Why the myths return

When systems cannot categorise, they mythologise.

Eunuchs were accused of:

  • secret power,
  • corruption,
  • unnatural desires,
  • courtly manipulation.

Trans people are accused of:

  • social contagion,
  • predation,
  • ideological subversion,
  • civilisational collapse.

These stories perform the same function: they shift attention away from institutional fragility and onto allegedly dangerous bodies.

It is easier to invent monsters than to admit that your framework cannot cope.

“Just existing” is never neutral

This is why trans people are told – endlessly – that their existence is political.

Not because it truly is, but because the system has no neutral place to put them.

Neutrality requires:

  • stable categories,
  • predictable futures,
  • compliant bodies.

Trans people, like eunuchs before them, interrupt that flow.

And interruption reads as threat.

The quiet continuity

Eunuchs no longer walk palace corridors, but the logic that produced them is alive and well.

Any body that:

  • does not reproduce the state’s assumptions,
  • does not stabilise its hierarchies,
  • does not quietly serve its future,

will be managed, delayed, constrained, or erased.

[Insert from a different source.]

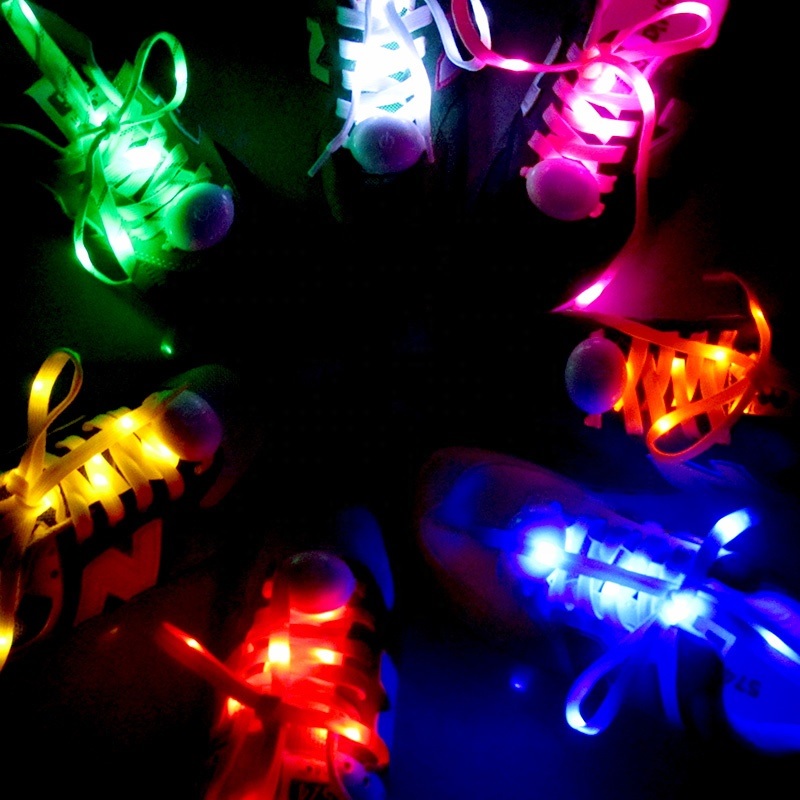 LED Връзки за обувки - Розова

Not out of cruelty, but out of fear.

A closing thought

If a society experiences certain bodies as inherently political, the problem is not the bodies.

It is the system that requires such narrow forms of humanity in order to function.

That was true of eunuchs.

It is true of trans people now.

And until power learns to tolerate unpredictability, it will keep mistaking existence for rebellion.